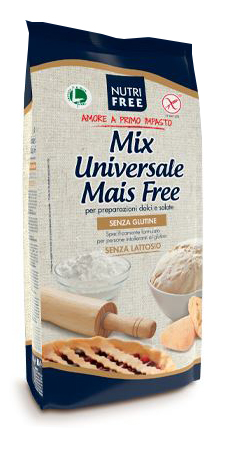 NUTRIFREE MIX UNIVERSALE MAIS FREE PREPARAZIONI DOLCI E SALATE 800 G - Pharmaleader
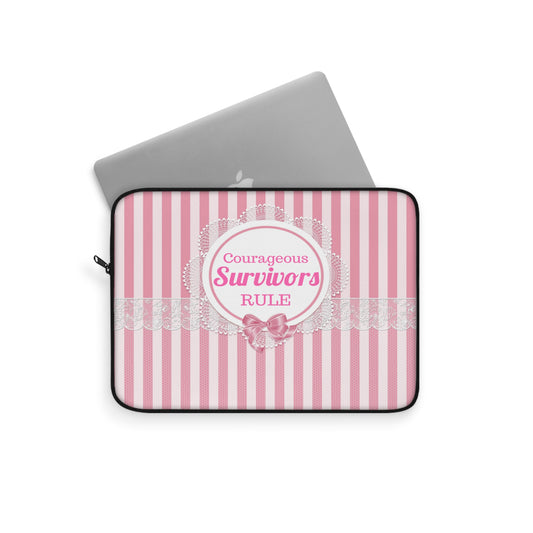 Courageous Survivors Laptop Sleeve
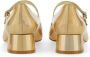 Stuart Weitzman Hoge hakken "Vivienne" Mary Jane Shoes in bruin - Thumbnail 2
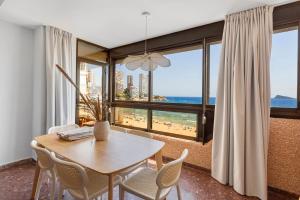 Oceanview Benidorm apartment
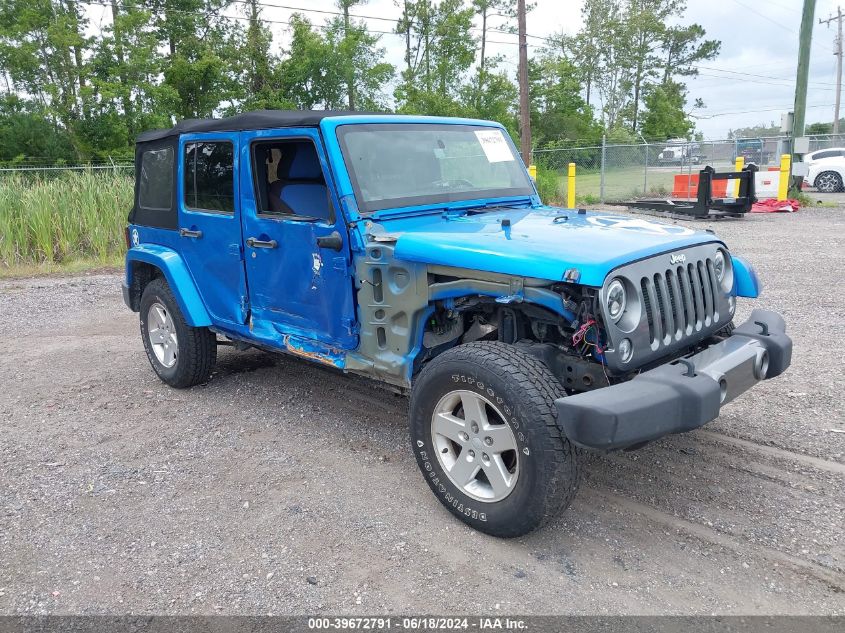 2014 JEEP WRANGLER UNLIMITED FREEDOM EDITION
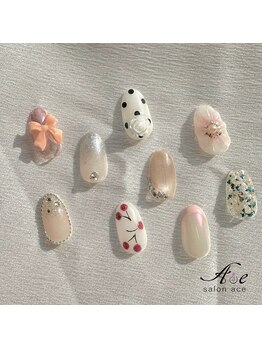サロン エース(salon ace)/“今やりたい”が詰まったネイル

- - - -

The whole listing is to be duplicated verbatim, apart from its images.

 NUTRIFREE MIX UNIVERSALE MAIS FREE PREPARAZIONI DOLCI E SALATE 800 G - Pharmaleader
 Courageous Survivors Laptop Sleeve
 Stuart Weitzman Hoge hakken "Vivienne" Mary Jane Shoes in bruin - Thumbnail 2
 Oceanview Benidorm apartment
 2014 JEEP WRANGLER UNLIMITED FREEDOM EDITION
サロン エース(salon ace)/“今やりたい”が詰まったネイル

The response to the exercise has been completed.